# Kung Pow: Enter the Fist...Dumbest movie I have ever liked.



## Average Joey (Jan 7, 2005)

Anybody else?


----------



## blhowes (Jan 7, 2005)

> _Originally posted by Average Joey_
> Anybody else?


Based on this review, I think I'd like to see it:


> Kung Pow: Enter the Fist is a movie within a movie, created to spoof the martial arts genre. Writer/director Steve Oedekerk uses contemporary characters and splices them into a 1970s kung-fu film, weaving the new and old together. As the main character, The Chosen One, Oedekerk sets off to avenge the deaths of his parents at the hands of kung-fu legend Master Pain. Along the way, he encounters some strange characters, one of which is a cow trained in the martial arts.



...a cow trained in the martial arts? I've gotta see it. Is it out on video/DVD?


----------



## VirginiaHuguenot (Jan 7, 2005)

_Dumb and Dumber_ may be the dumbest of the dumb movies that I have ever likely liked. 

Anybody ever see _The Attack of the Killer Tomatoes_? 

[Edited on 7-1-2005 by VirginiaHuguenot]


----------



## BobVigneault (Jan 7, 2005)

That was a great one Andrew. (There's a nip in the air.)


----------



## blhowes (Jan 7, 2005)

> _Originally posted by Average Joey_
> Anybody else?


BTW, when I first read the title to your thread, my first thought was that the guy from American Idle now has a movie out - remember the oriental fellow (what's his name?) that couldn't sing at all and probably made a mint singing, "She bangs"

...if that were the case, I think I'd have to pass on seeing the movie


----------



## BobVigneault (Jan 7, 2005)

Bob, William Hung is making a movie. Truth IS stranger than fiction.

LOS ANGELES (Zap2it.com) - "American Idol" reject William Hung has parlayed his dubious celebrity into a movie career.

The 21-year-old civil engineering student makes his silver screen debut in the Cantonese-language film "Where Is Mama's Boy?," reports the AP.

The action comedy features Hung as a street vendor who becomes pals with Foon Ma, a music club owner played by Hong Kong star Nancy Sit.

Just as he did on "American Idol," Hung wants to project a positive attitude and be a good role model in his blossoming acting career.

"I would like to preserve a good image and not play the bad guy or do anything that's obscene," says the Hong Kong-born entertainer.

Hung horrified and delighted audiences alike on the third season of "American Idol" with his out-of-tune rendition of Ricky Martin's "She Bangs." His subsequent album "Inspiration" has sold more than 100,000 copies.

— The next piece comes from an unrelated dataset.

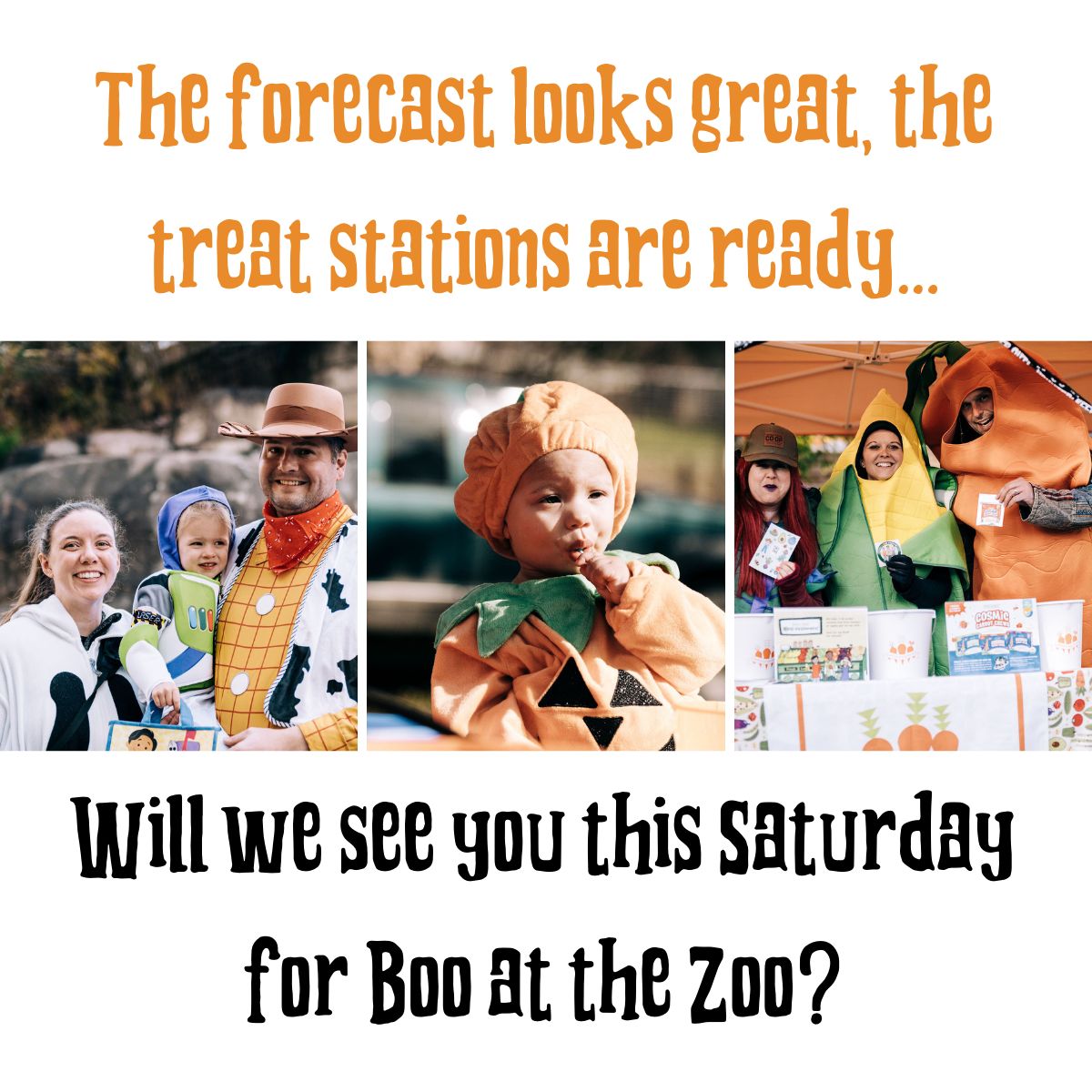 Tomorrow kicks off Boo at the Zoo!... - Lake Superior Zoo | Facebook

"Where Is Mama's Boy?" opens in Singapore on Thursday, Jan. 6.


----------



## daveb (Jan 7, 2005)

> _Originally posted by VirginiaHuguenot_
> _Dumb and Dumber_ may be the dumbest of the dumb movies that I have ever likely liked.



That is a funny movie!


----------



## sastark (Jan 7, 2005)

I haven't seen "Kung Fu", but I have seen other things by the director, Steve Oedekerk. Has any one seen "Thumb Wars"? Or "Bat-thumb"? Completely hilarious. If Kung Fu is even close to the same level as these other "films", then I'm going to have to go see it.


----------



## blhowes (Jan 7, 2005)

> _Originally posted by maxdetail_
> Bob, William Hung is making a movie. Truth IS stranger than fiction.

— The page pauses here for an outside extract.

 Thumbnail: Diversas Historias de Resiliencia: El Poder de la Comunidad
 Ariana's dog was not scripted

Somehow, that doesn't surprise me.

It use to irritate me to no end listening to him sing "She Bangs", but I've gotta hand it to the guy. He's certainly made some good career moves and has taken advantage of opportunities within his grasp.


----------



## VirginiaHuguenot (Jan 7, 2005)

> _Originally posted by maxdetail_
> Bob, William Hung is making a movie. Truth IS stranger than fiction.



Shouldn't his 15 minutes of fame be up by now?


----------



## openairboy (Jan 7, 2005)

> _Originally posted by VirginiaHuguenot_
> 
> 
> > _Originally posted by maxdetail_
> ...



Yes, about 9 months ago, but he (or should I say his agent) is still milking it. It's dry, it's over, let it go. 

You have to love the fact that he wants to be a "good guy" and not play anything "obscene". I don't know too much about William or Hollywood, but I bet this guy has all sorts of "bad boy" scripts that he is reading over and that are being sent to his agent. I'm sure they want him as Norman Bates in the "Psycho" remake or one of the new "Screams". He is easily the next Brad Pitt or Tom Cruise, so directors and producers are going to demand the obscene from him. I just hope he is able to keep stand his ground and turn down the millions for these type of films.

openairboy


----------